Oliver started his career as an apprentice with manufacturer Plessey in Essex while studying radio frequency communications at Loughborough University in the 1970s. He later enrolled on a post-graduate course on the subject of solid-state microwave electronics, sponsored by Philips, and entered the emerging field of GPS – or global positioning satellites.

“I was involved with GPS right at the start in 1989 and my first challenge was to make it work as part of a navigation system for the Panavia Tornado fighter aircraft used by the Royal Air Force during the Gulf War.”

He later joined Navstar Systems in Daventry; a location known to him as it was the Daventry Transmitter which his early wireless radios used to seek out. “This was an absolutely fascinating field of work and there was a lot of intellectual property being developed in GPS at the time to create very accurate measurements.” The company first used GPS to create navigation devices used by fishermen to locate favoured stretches of river.

The company was bought by an American firm and Oliver found himself designing an instrument known as the ‘mushroom’ that was fixed to the top of many of the world’s tallest buildings. The antennas were used to synchronise time and GPS and ended up being used by around three quarters of the world’s major telecommunication systems.

“The idea is to allow bit streams of data to be sent around the world very fast, and both GNSS and GPS allow you to find your position and find accurate time,” Oliver explains. “When data is transmitted and received, a system needs to know exactly what the time is.
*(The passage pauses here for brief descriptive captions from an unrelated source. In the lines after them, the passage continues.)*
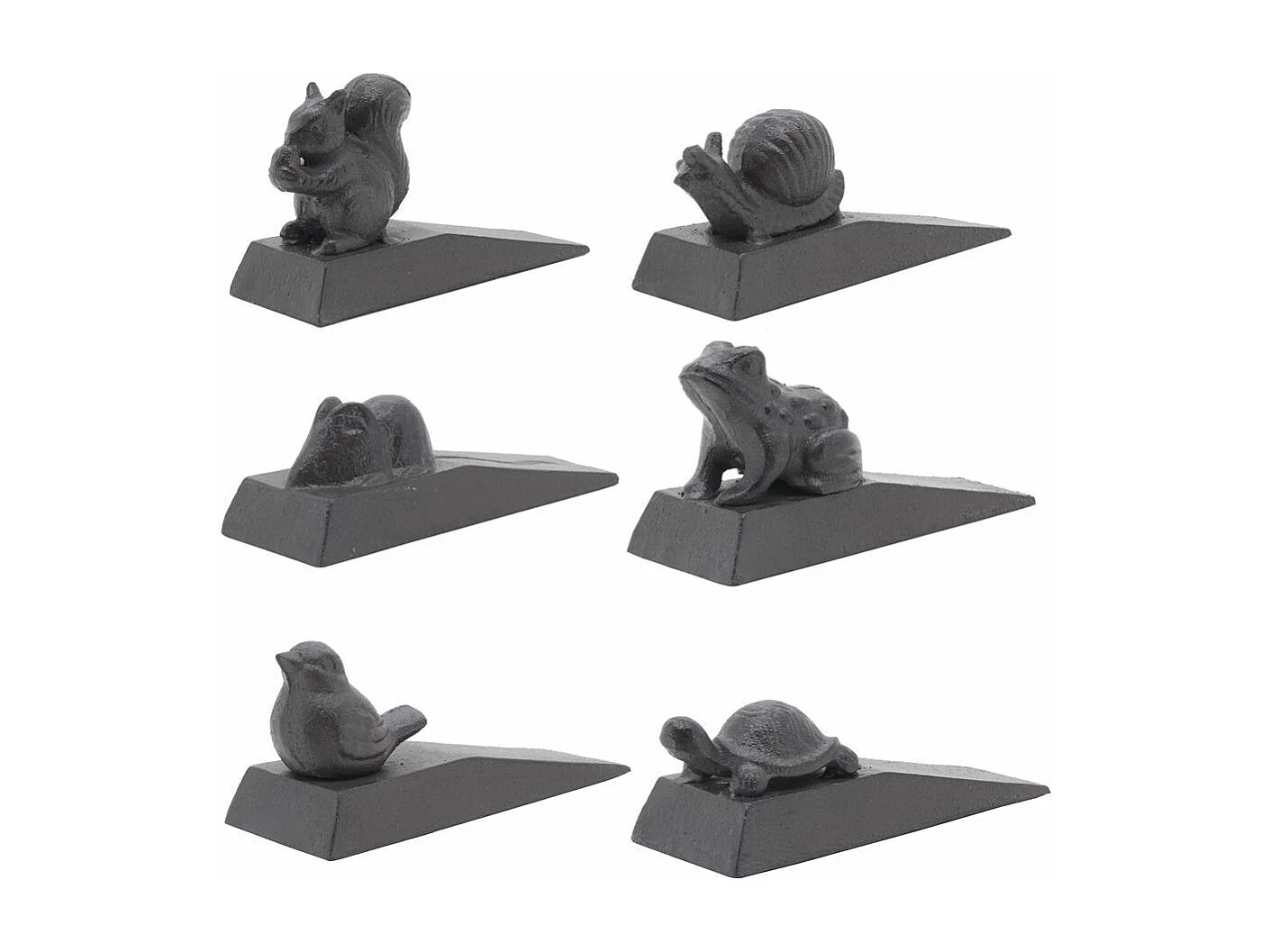 Lot de 6 cale-portes en fonte Animaux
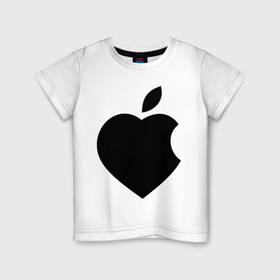 Детская футболка хлопок с принтом Сердце- яблоко , 100% хлопок | круглый вырез горловины, полуприлегающий силуэт, длина до линии бедер | apple | mac | steve jobs | мак | стив джоббс | стив джобс | стив джопс | стивен джобс | эпл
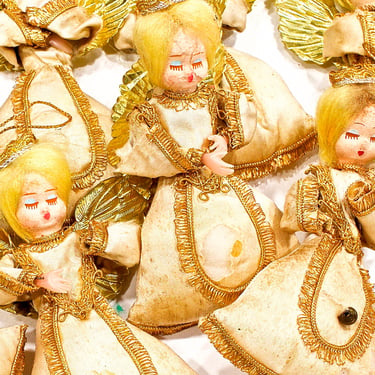 VINTAGE: Japan - 9 Old Angel Doll Ornaments - Aluminum Wings - Mercury Beads - Christmas Decor - Holiday - SKU Tub-393-00016449 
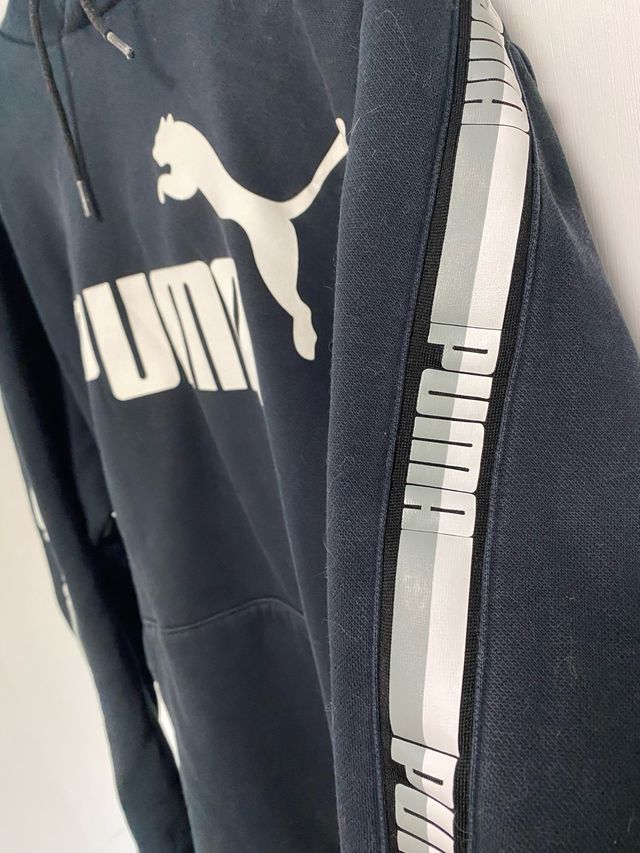 Sudadera Puma Negra con Rayas Grises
“Telecommunication networks are now regarded as part of a nation’s critical infrastructure; if they are not synchronised, countries can lose communications and it could be disastrous for an economy.”

Recent advances in antennas

“I have always been convinced that antennas would become a popular theme of intellectual property development as they used to be very large. Now you have the technology in a watch, so things have certainly moved on,” he says. “This transition to smaller devices really interested me and in the year 2000 I helped form a company called Sarantel to develop tiny antennas that made accurate position measurements.”
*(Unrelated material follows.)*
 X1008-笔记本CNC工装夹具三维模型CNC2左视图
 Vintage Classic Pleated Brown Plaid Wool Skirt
After 13 years, Oliver joined a Japanese firm to learn more about advanced manufacturing processes and went on to launch another company focused on designing tiny antennas that could be fitted to connected autonomous vehicles.

He teamed up with a business partner to form a company that became Helix Geospace, of which Oliver is now Chief Technology Officer, and won a grant to create an accurate GNSS antenna to operate with signals from the Galileo constellation of spacecraft.

Oliver acknowledges that the widespread use of connected autonomous vehicles in the UK is still some way off, but says work must be done now to prepare for future applications.

“The technology has to reach a threshold of acceptability where the insurance industry believes that connected autonomous vehicles are delivering greater safety than the incumbent, manually driven fleet of vehicles,” he explains. “It also has to be 100 times better than people, and we are working to show a vehicle’s position in a city to an accuracy of 10cm.”

Alongside its work on connected autonomous vehicles, the company continues to develop technology for unmanned aerial vehicles used to carry parcels. “We are also now developing systems that protect GNSS from being spoofed; by measuring the direction in which a signal arrives and checking its veracity against the known position of a satellite.

“We think that GNSS is going to be the primary navigation system for connected and autonomous vehicles in future, but it is important that it is accurate and dependable when used in a busy cityscape,” he adds.

The antennas being developed for the cars are very small: as little as 3 or 4mm in diameter and 6mm tall. But the scope of opportunity could, Oliver says, “be absolutely enormous”. When it comes to transmitting and receiving data, he adds, “small antennas could be the modern day equivalent of lightbulbs”.